9 Mayıs 2013

Rise of the Guardians


filmi beğenmedim, tamam çizimler güzel ama film kötü. bir şeylere inanmayı aşılama olayını çok abartmışlar gibi geldi. büyüyüne kadar masallara, ölene kadar dine inanmak gibi algıladım bunu. üstelik verilen örnekler de bunu destekliyordu. girişi, gelişmesi, sonucu ve hatta müzikleri bile standart idi. fabrikada film basıyorlar sanki...

--- spoiler ---

.tüm savaş bir tek çocuğunun inancına kalıyor, sonra da bu çocuk dünyayı kurtarıyor. eh bu kısmına fena değil diyelim ama gerisi işe yaramaz gerçekten. yok efendim kimse inanmıyormuş da yok efendim ay görünmediği zaman aya inanmıyor musun? da... daha neler. ay tanrısının filmi olmuş herhalde.

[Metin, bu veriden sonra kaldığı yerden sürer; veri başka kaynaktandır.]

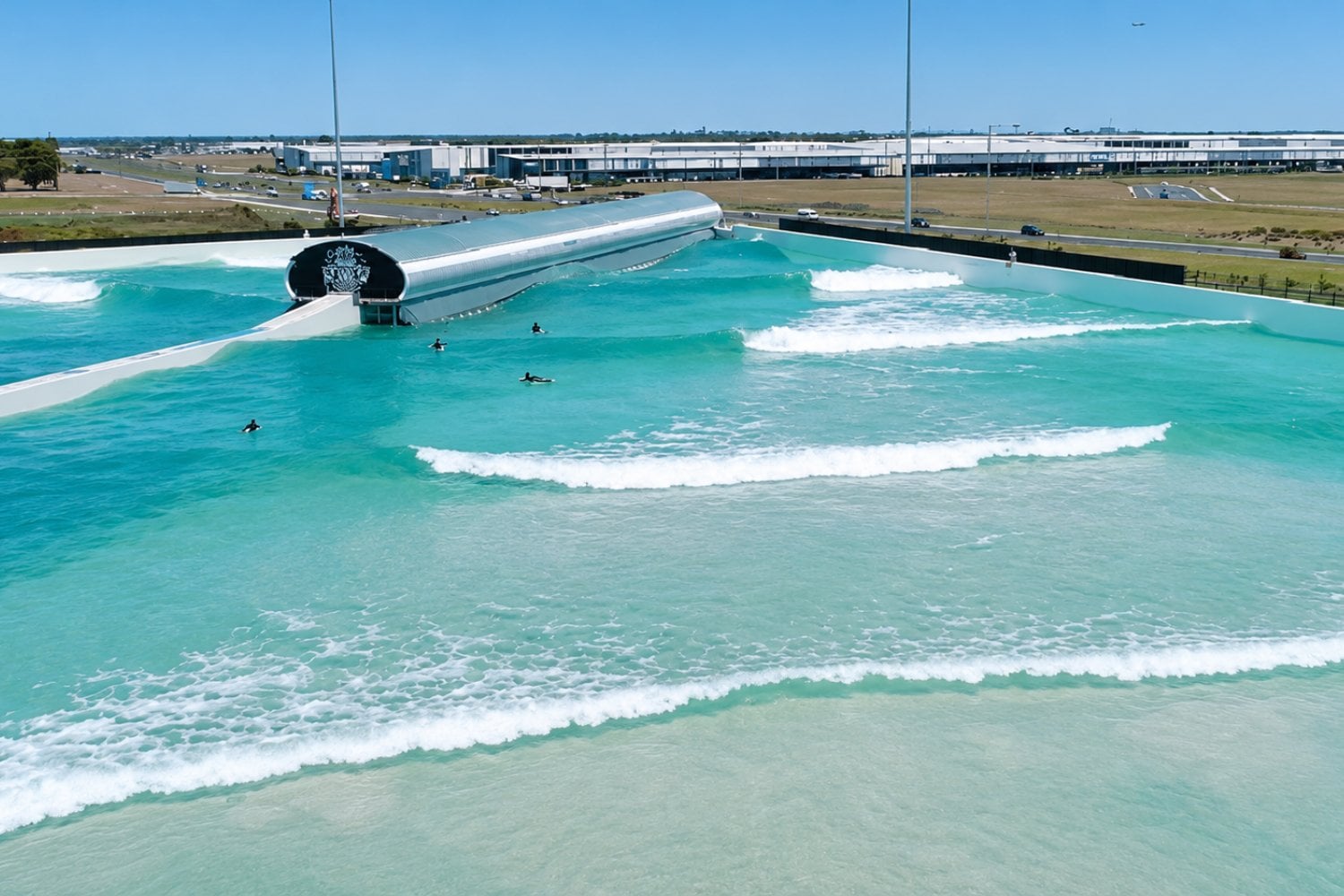 Una playa sin mar en Madrid: así será la gigantesca piscina de olas junto al Metropolitano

.sandman midir nedir? onun türkçesi yok muydu? onu da aşılasınlar. amerikan folklörü falan olacak herhalde bunlar da. hepsi araklama sayılır ya yine de sanki tüm dünya bunlardan ibaret gibi film çekmeleri de insanı sinir ediyor.

.hele bunu körpe dimağlara pompalamarı daha bir sinir ediyor. ulan paskalya tavşanı nedir? çocuğun buna inancı neden bu kadar önemlidir? bu neyin filmidir arkadaş, erken dönem misyonerlik çalışması gibi geldi bana. böyle bir niyetleri yoksa dahi bu sonuca çıkıyor. yapacak bir şey yok.

.hiç bir şeye inanmama gibi bir seçenek de yok, ha gerçekte de böyle seçenek olmayabilir ama karabasana bile inanıyorlar ama korkmuyorlar. böyle yeniyorlar onu da... ruhlu şeytanlı filmlerde de benzeri oluyordu. resmen kapkaranlık bir film aslında bu anlamda.